··· EXCERPTED DATA
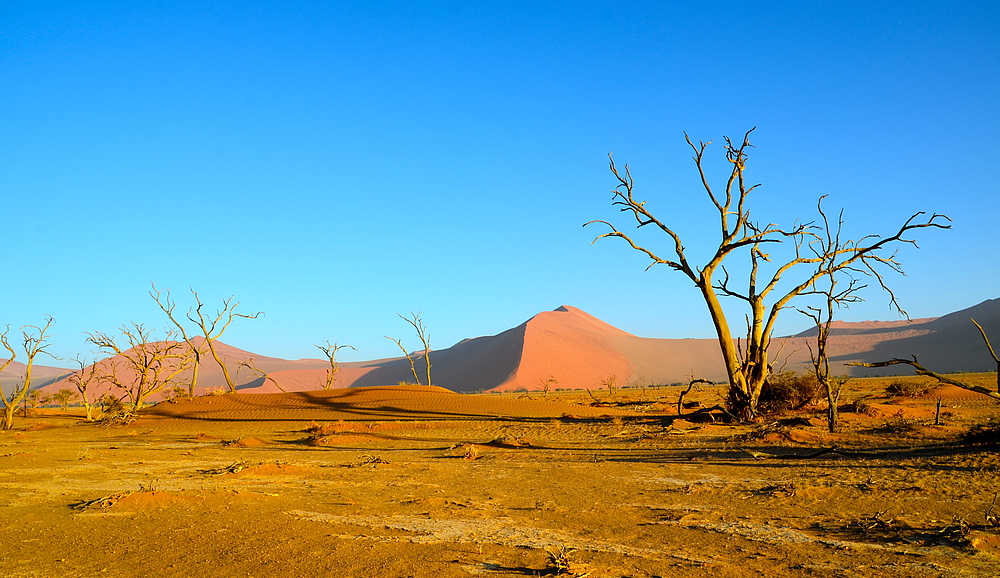 Dünen der Namib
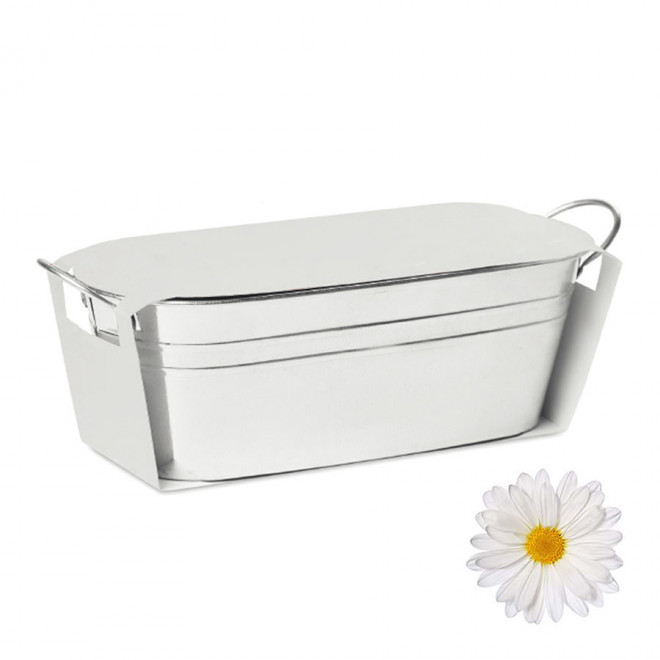 BAC A PLANTES PUBLICITAIRE 'BACAN BLANC' - marguerite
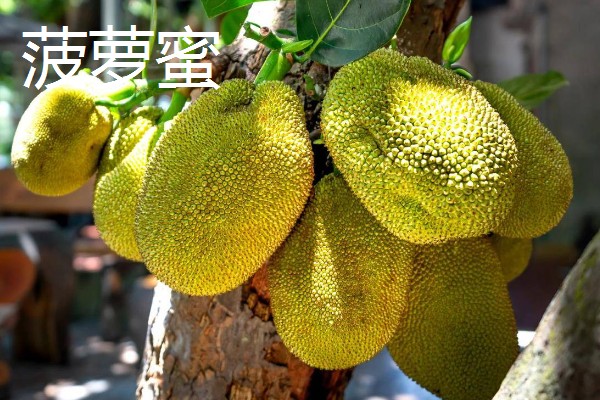 榴莲蜜的产地，产地有婆罗洲、文莱、印度尼西亚等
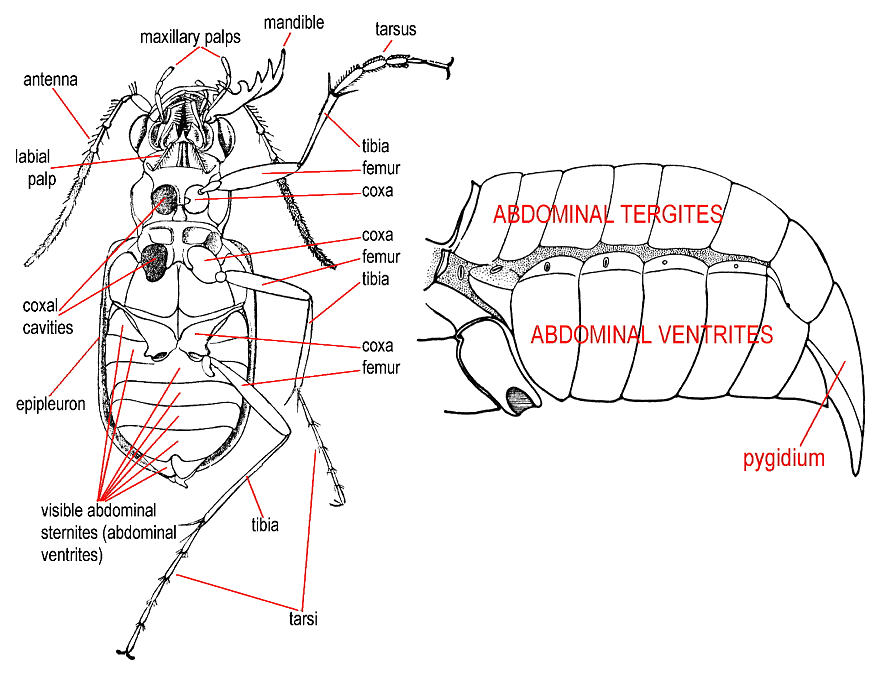 General morphology of Coleoptera, under side and lateral views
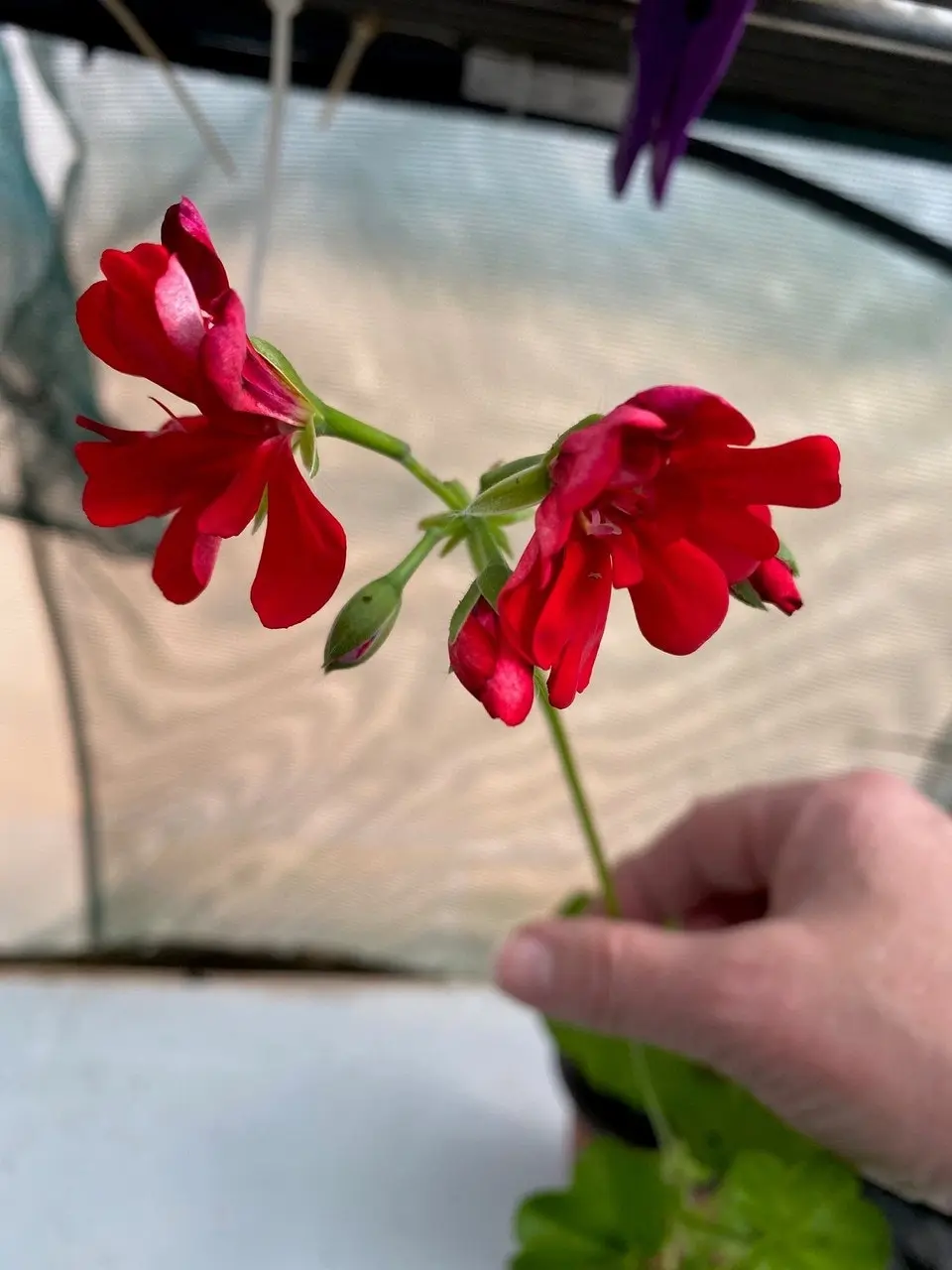 Ivy Geranium Red Live Tubestock or Potted Plant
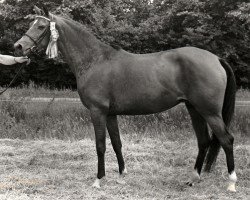 Zuchtstute Cherina (Nederlands Rijpaarden en Pony, 1984, von Nut ox)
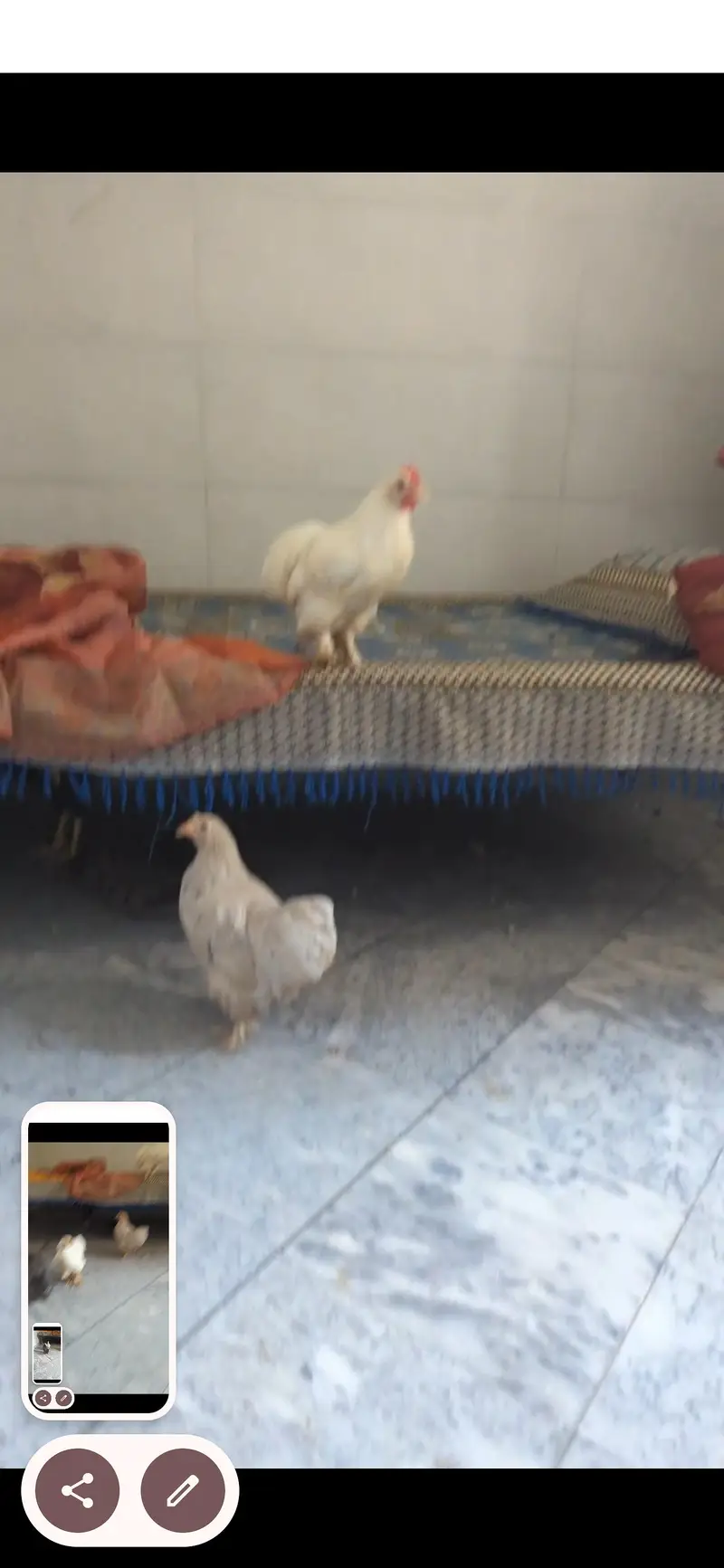 adult bantam set for sale — photo 2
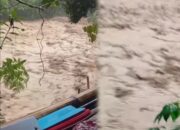Banjir bandang kembali menerjang kawasan pertambangan di wilayah Marisa, Pani Luar, hingga Potanga Lo Dam, Kabupaten Pohuwato, Gorontalo. (Foto: Facebook Gun Vanzel)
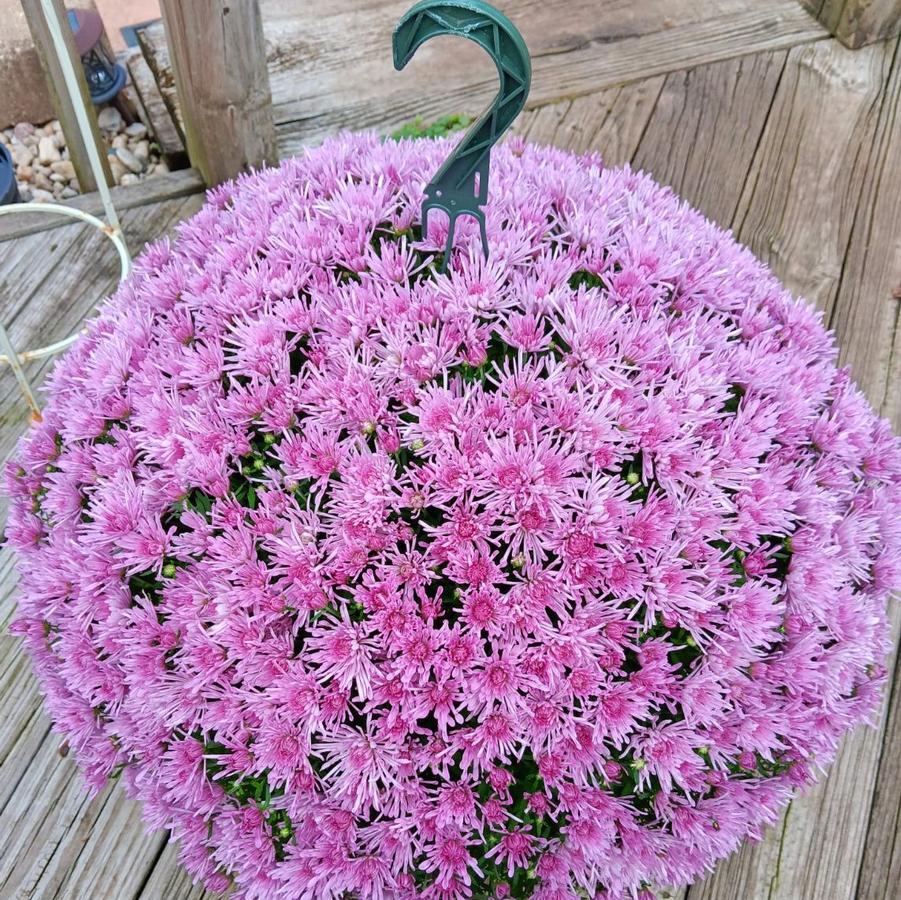 Chrysanthemum 'Baoli Lilac' - Fall Garden Mum from Hoffie Nursery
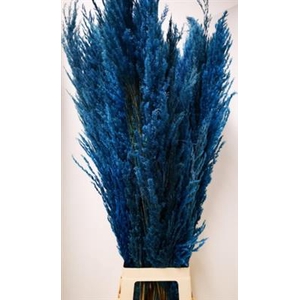CORTADERIA BLAUW X8 X8 PER BOS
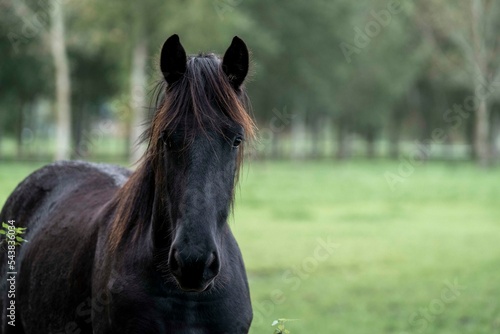 Beautiful friesian yearling foal in a field
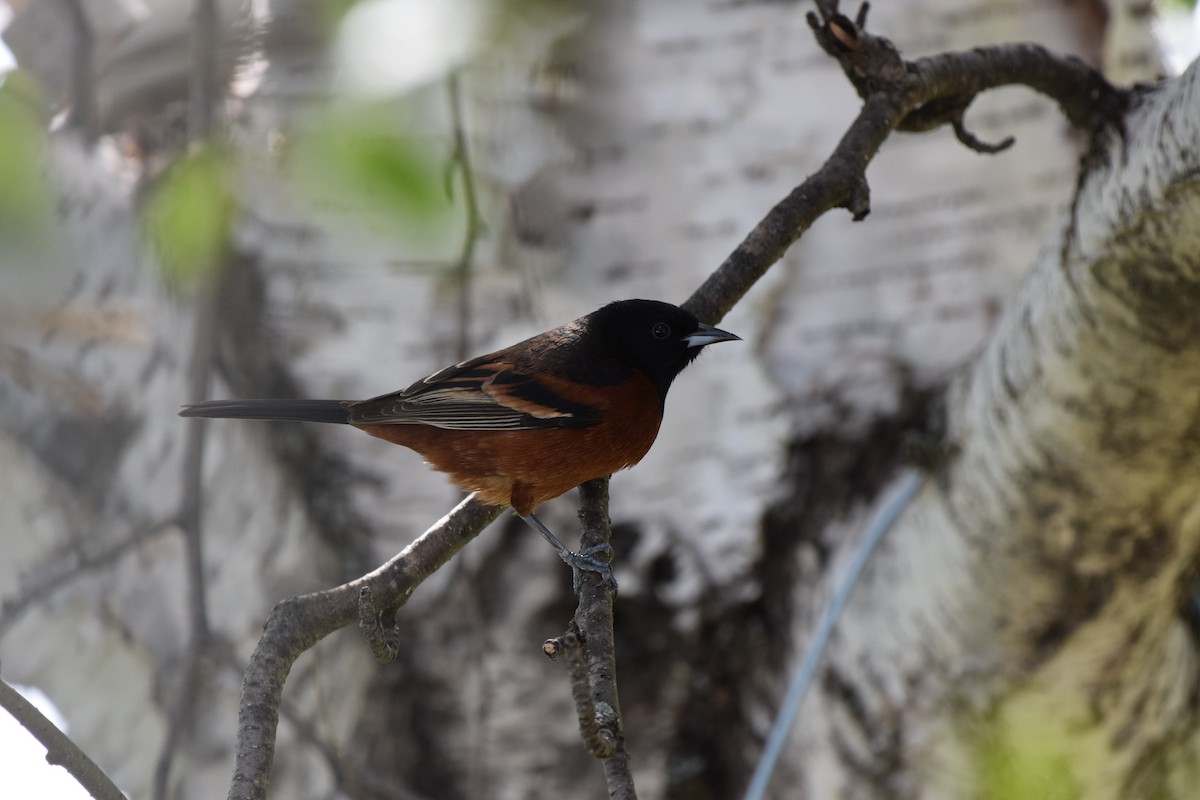 Orchard Oriole - ML619247594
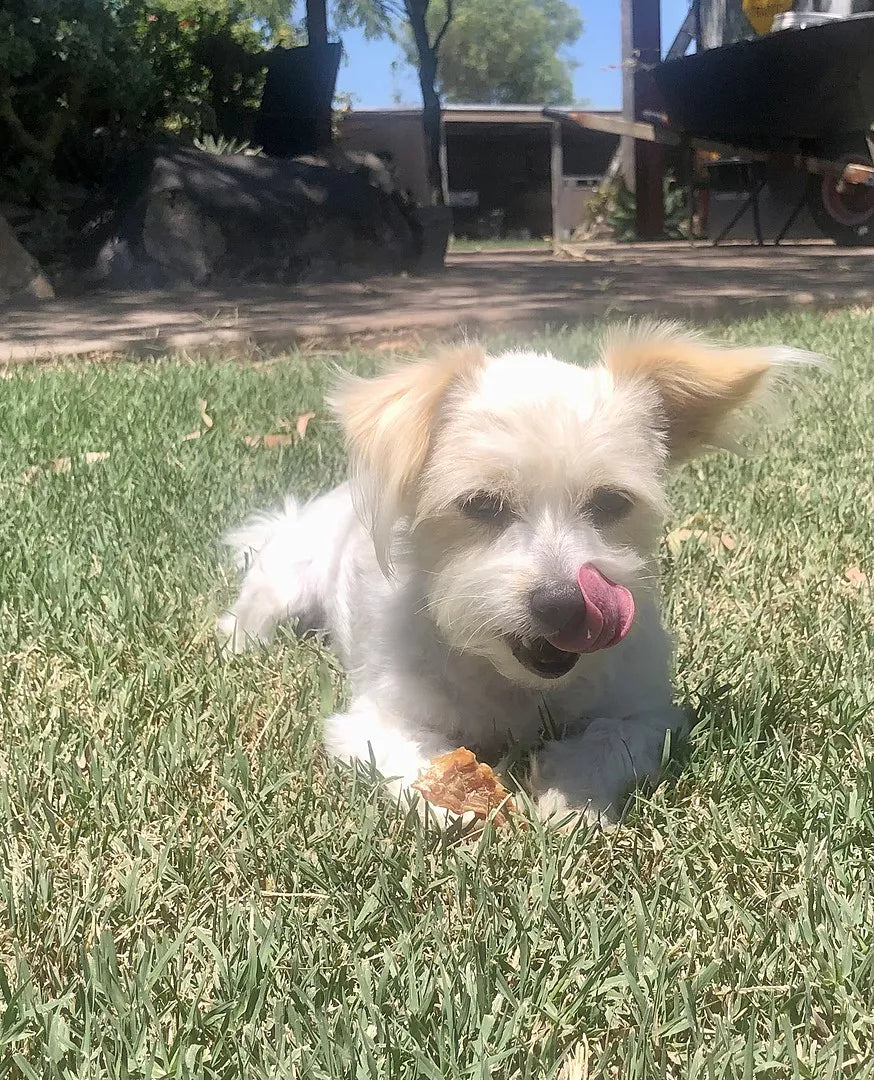 Chicken Jerky Treats 500g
······
Exactly restate the lines from the one holding "Chrysanthemum 'Baoli Lilac'" to the final line of the records above, including both and excluding pictures.

 Chrysanthemum 'Baoli Lilac' - Fall Garden Mum from Hoffie Nursery
CORTADERIA BLAUW X8 X8 PER BOS
 Beautiful friesian yearling foal in a field
 Orchard Oriole - ML619247594
 Chicken Jerky Treats 500g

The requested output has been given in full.